WHAT THE TASK ASKS -
Please write out the full listing beneath this line exactly, skipping its images.

DATA EXCERPT -
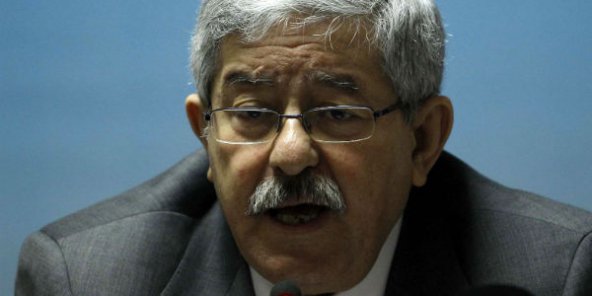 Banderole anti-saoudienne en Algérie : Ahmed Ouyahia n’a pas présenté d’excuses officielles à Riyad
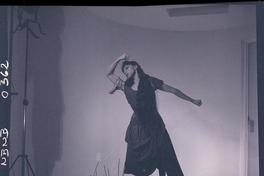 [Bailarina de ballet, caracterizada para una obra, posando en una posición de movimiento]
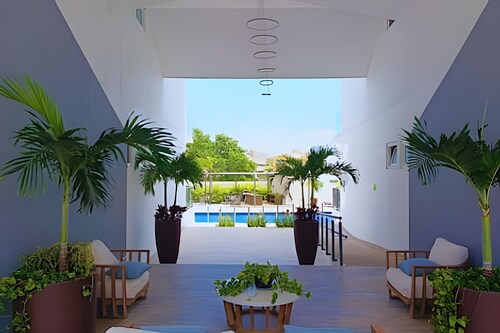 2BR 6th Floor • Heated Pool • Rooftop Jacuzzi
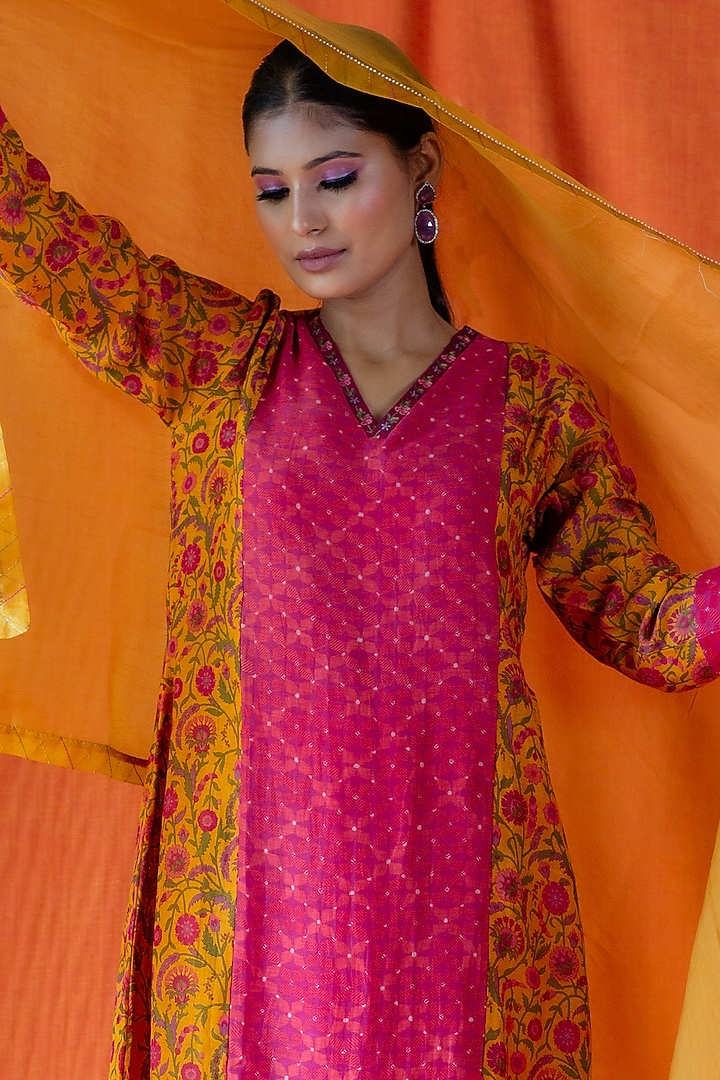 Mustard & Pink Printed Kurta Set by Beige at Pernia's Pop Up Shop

REPLY -
 Banderole anti-saoudienne en Algérie : Ahmed Ouyahia n’a pas présenté d’excuses officielles à Riyad
 [Bailarina de ballet, caracterizada para una obra, posando en una posición de movimiento]
 2BR 6th Floor • Heated Pool • Rooftop Jacuzzi
 Mustard & Pink Printed Kurta Set by Beige at Pernia's Pop Up Shop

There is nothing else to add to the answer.